Gloria loves the stars. Every Saturday night, she immerses herself in the sky using the telescope her parents gave her when she turned 16. She always chooses to stargaze instead of attending some party that other teenagers her age are throwing in order to help them endure the long days of school.
The same ritual plays itself out every time: with classical music in the background, she opens her window wide and points her telescope at the sky. Even if the music is always different, her parents know to interpret it the same way every time: as the gentlest, most harmonious “Do not disturb!”.
“She’s gone on a walk through the galaxy,” her mother says to relatives who ask about Gloria on the phone. She doesn’t know it yet, but one day, not too far away, she will say the same phrase tearfully, wrapping those words with sorrow.
A virus has made its way into Gloria’s DNA, changing the properties of some of her genes. The altered genes affect cell division. Because suppressor genes no longer inhibit cell division as they should, cells proliferate and do not allow DNA repair genes to do their job. As Gloria’s DNA deteriorates, cells that multiply outside of genetic control have become a tumour strong enough to divert nutrients to itself, and active enough to invade other organs. Gloria has cancer.

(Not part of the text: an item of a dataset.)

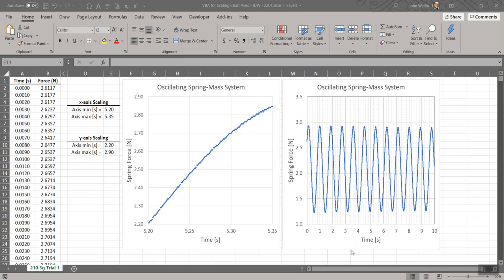Greetings, MechE102. I'm here to talk to you today about some enhancements in Microsoft Excel that you can use with the Visual Basic Editor and Visual Basic for Applications, or VBA. This is with regards to the simple harmonic motion investigation.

On almost all of her remaining Saturday nights, a finite and deteriorating young girl—in a way, a fragile universe—will look through the telescope’s eyepiece at an infinite and expansively balanced universe, to which mathematics can only allude. But it is in the mind of this bounded, fragile, and oblivious little universe where the wonders of an entire race meet: How, and why, has such greatness come to exist?
“Love is the key”
In the movie Interstellar, Cooper, an astronaut, arrives in a tesseract—a dimension still unknown to earthlings, in which Time has the properties of space. Using this dimension as a bridge through time, he manages to identify the best moment in the past in which to contact his daughter and communicate information which will save humanity, whose existence was threatened by an inexplicable global desertification.

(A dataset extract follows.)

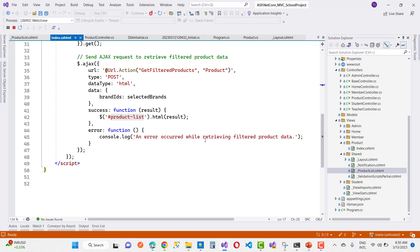In the AJAX success callback, we take the result — the rendered HTML of the filtered product list — and set it as the inner HTML of the product-list container using productList.html(result). This is the complete logic. You can implement this in your own project to filter data using checkboxes in ASP.NET Core. Thank you very much for watching, and keep watching all videos related to ASP.NET Core.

But until Cooper finds his salutary solution, the viewer experiences an agonising tension, because the entire scene is built to make them empathise from the position of one who realises that they are captive to their own limitations.
The spectator’s encounter with the coldness and severity of Space has the power to awaken latent feelings of existential isolation that would be overcome by communicating with a higher being. And, as long as the character does not realise that he himself built that extradimensional space, the scene works as an analogy for how a Higher Being who does not communicate through our limited senses, but who is interested in the good of people, may interact with us.
The outcome of the scene only amplifies the disappointment that the film does not, in fact, support this analogy. TARS, a robot, asks Cooper how he imagines he will be able to communicate with his daughter, and Cooper has an epiphany: “Love, TARS, love… It’s the key!”. In the end it is a father’s love that holds the key to the salvation of humanity
What else but the greatness or the infinity of the universe, and of love, can evoke in us the thought that there is a God?
The Man Who Knew Infinity—this is the title of a cinematic biography of one of the most spectacular minds that mankind has produced, which brings together two seemingly irreconcilable worlds: those of rigid atheism and resistant faith.
“You see, I am what you call an atheist,” British mathematician G.H. Hardy tells Srinivasa Ramanujan at a time when the genius of the latter had not yet been revealed in all its scientific splendour. “No, sir. You believe in God. You just don’t think He likes you,” Ramanujan replies.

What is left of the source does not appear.